This is an interesting paper which discusses on, how Sanskrit could be a best natural language for computer processing/Artificial Intelligence (AI). Over the decades scientific community is trying hard to identify and design systems which can represent and process natural language. English is widely spoken language and we intend machines to learn English and process the data. However, one cannot program systems using natural English language, we have to reframe or rephrase in a systematic way so that system can understand. In this paper author explains how Sanskrit is significantly advanced than English and can be made use in the field of artificial intelligence. The paper has three parts where first; knowledge representation scheme is discussed using semantic nets. In second part author outlines methods used by ancient Indian Grammarians to analyze sentence unambiguously. Finally, equivalence is established between Sanskrit language analysis to the techniques used in applications of AI.
When attempts of machine translation failed to teach a computer to understand natural language AI turned to knowledge representation. When we try to teach a machine any natural language, it should not be always a word to word mapping. One has to overcome ambiguity of words in natural language and interference of syntax. To overcome the ambiguity of words, there should be a representation of meaning independent of words used. Author takes three sentences as examples to demonstrate a prototypical semantic net system.
1. “John gave the book to Mary”
The grammatical information can be transformed into an arc and a node. The above sentence can be
stored as triples.
give, agent, John
give, object, ball
give, recipient, mary
give,time, past
This can be schematically represented as below:
Figure 1: Schematic Representation of sentence “John gave the book to Mary” (Rick Briggs, 1985).
2. “John told Mary that the train moved out of the station at 3 o’ clock.”
As the below figure shows there was a change in state in which the train moved to unspecified location from the station. It went to the former at 3:00 and from latter at 3:00. We can now covert this to triples like previous example. Here Verb is given significance and is considered the focus and distinguishing aspect of the sentence.
Figure 2: Schematic Representation of sentence “John told Mary that the train moved out of the station
at 3 o’ clock.” (Rick Briggs, 1985).
There are other sentences when drawn as above nets will represent only a state of a thing or an event.
3. “John, a programmer living at Maple St., gives a book to Mary, who is a lawyer.”
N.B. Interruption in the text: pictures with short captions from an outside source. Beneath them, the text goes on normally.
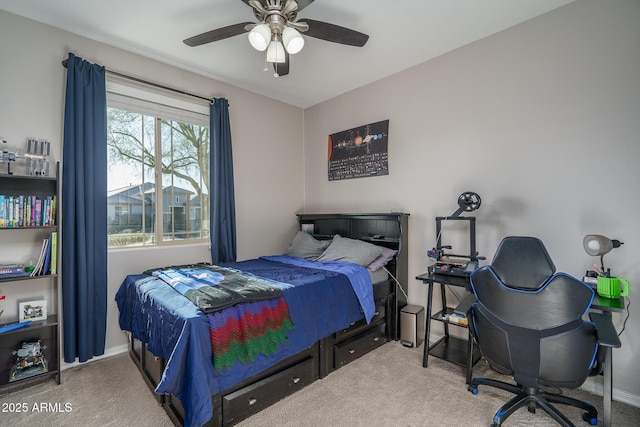 bedroom featuring ceiling fan and carpet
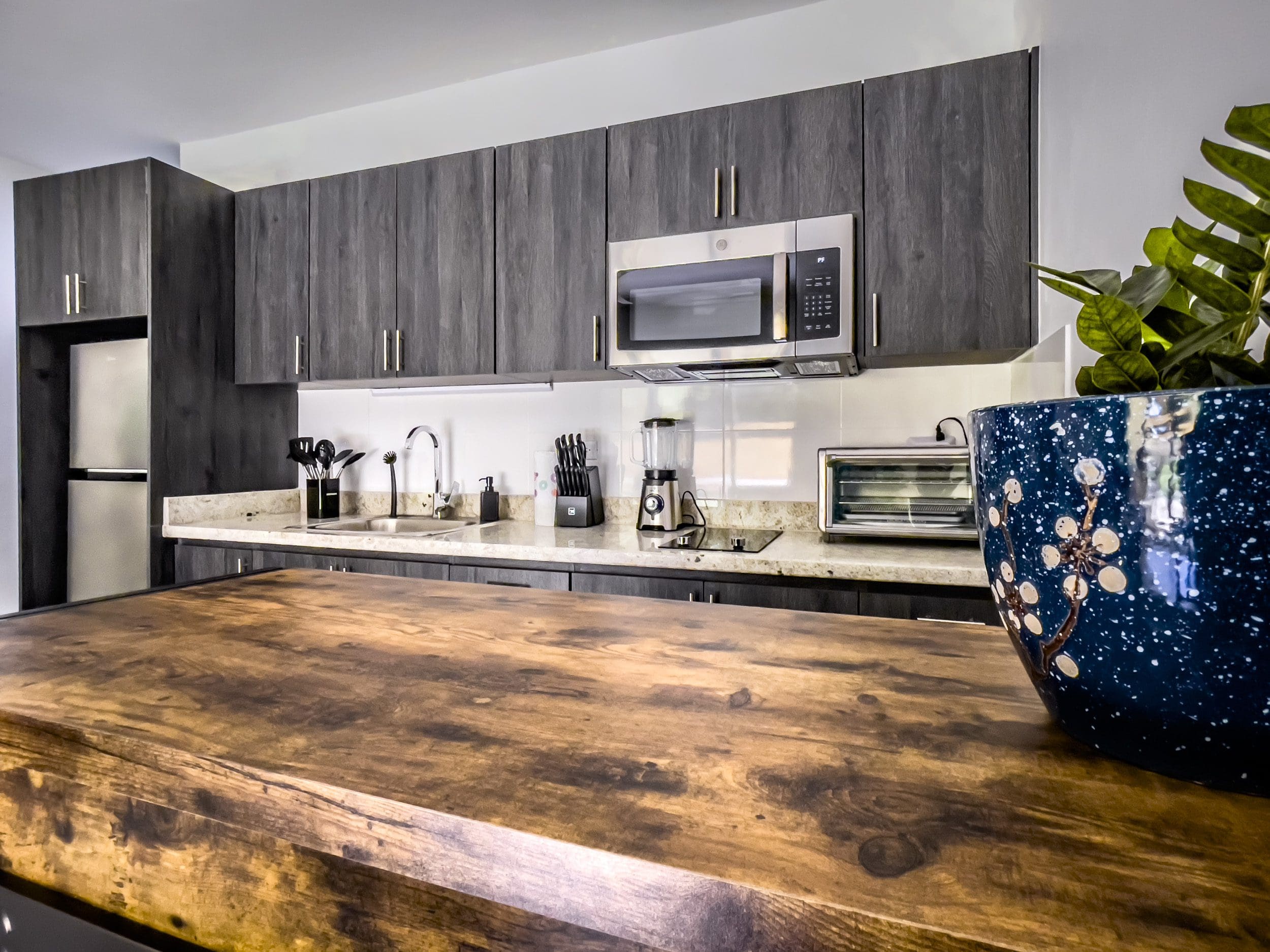 buyDRproperty Modern kitchen with dark wood cabinets and a wooden countertop in a one-bedroom condo. Sosua Real Estate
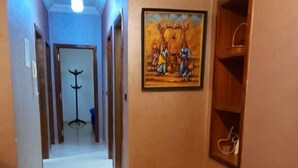 A hallway with a tiled floor, a coat rack, a painting on the wall, and a small wooden stool. - Residence Annaser 3 Agadir (Hay Essalam,Agadir)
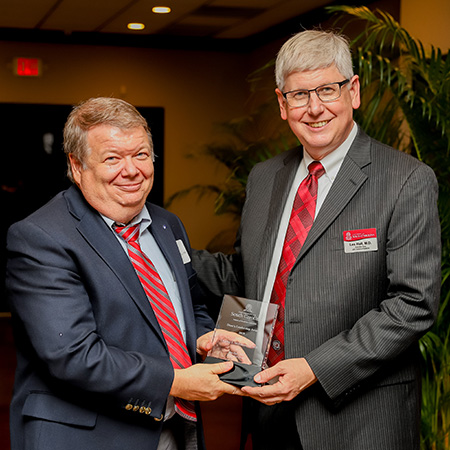 McElmurray and Dean Les Hall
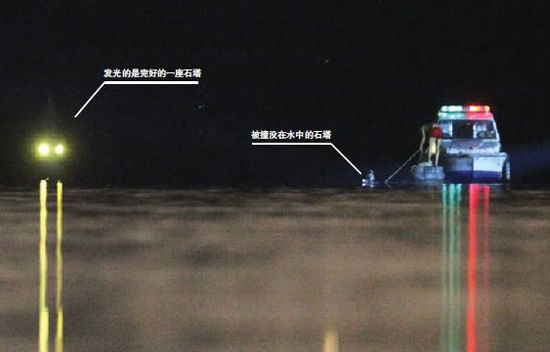 今天凌晨0:23,在事发地,一名工作人员在船上拉着绳子,绳子的另一端是没在水中的石塔。在他左侧发光的,是另一座完好的石塔。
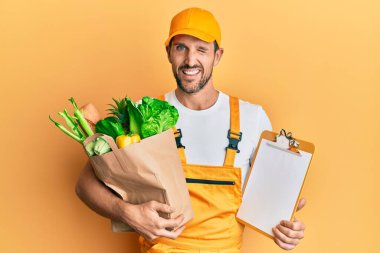 Genç yakışıklı, kurye üniforması giyen, market alışverişi yapan ve panoya göz kırpan seksi bir ifadeyle, neşeli ve mutlu bir yüzle bakan bir adam.. 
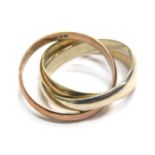 A 9ct gold eternity ring, with three interlinks in white, yellow and rose gold, ring size K½, 4.6g a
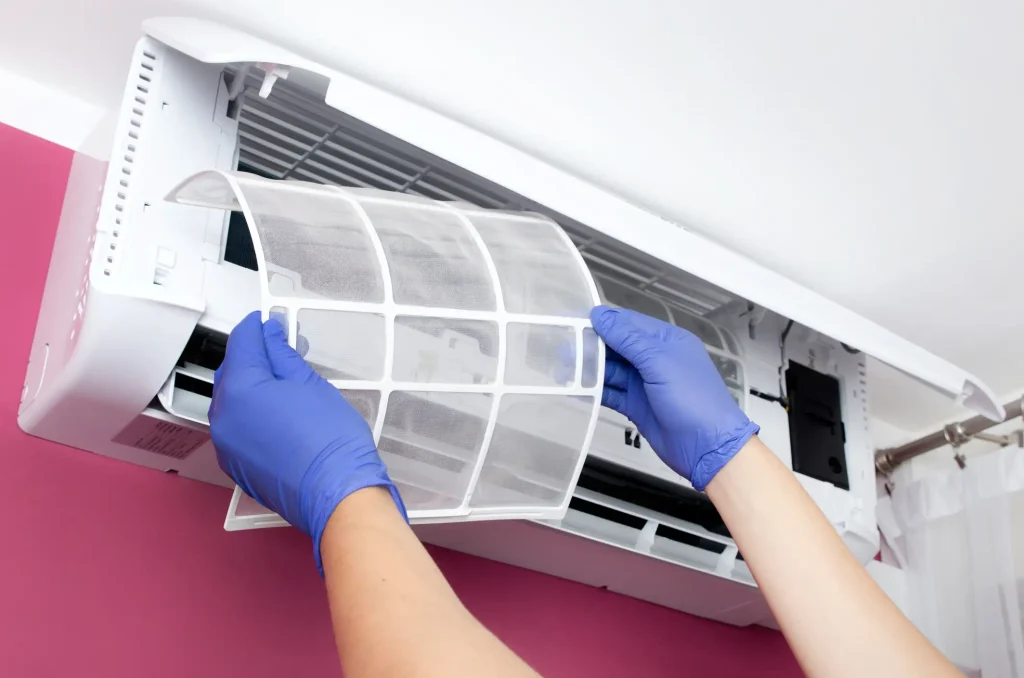 Ein Klimatechniker mit blauen Schutzhandschuhen entnimmt den Filter einer an der Wand montierten Klimaanlage zur Reinigung.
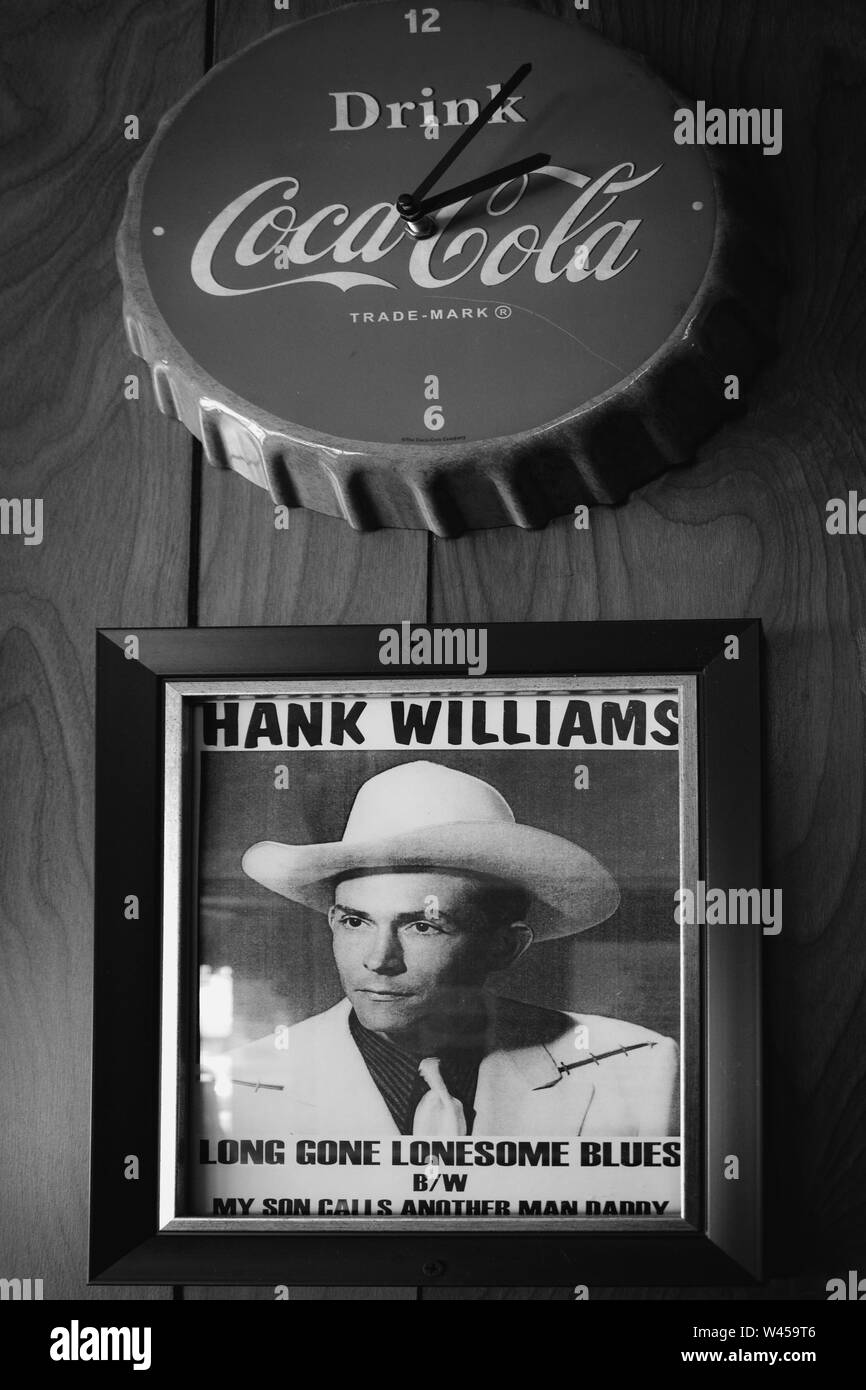 A vintage red Coca-Cola wall clock above a framed vintage photograph of Hank Williams, Sr, in Chris' Famous Hot dogs in Montgomery, AL,USA Stock Photo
The above statement if read as semantic net it would give an awkward and cumbersome representation. The degree to which a semantic net is cumbersome and odd-sounding in a natural language is the degree to which that language is “natural” and deviates from the precise or “artificial.” Refer to the below image which explains the same.
Figure 3: Schematic Representation of sentence “John, a programmer living at Maple St., gives a book to Mary, who is a lawyer.” (Rick Briggs, 1985).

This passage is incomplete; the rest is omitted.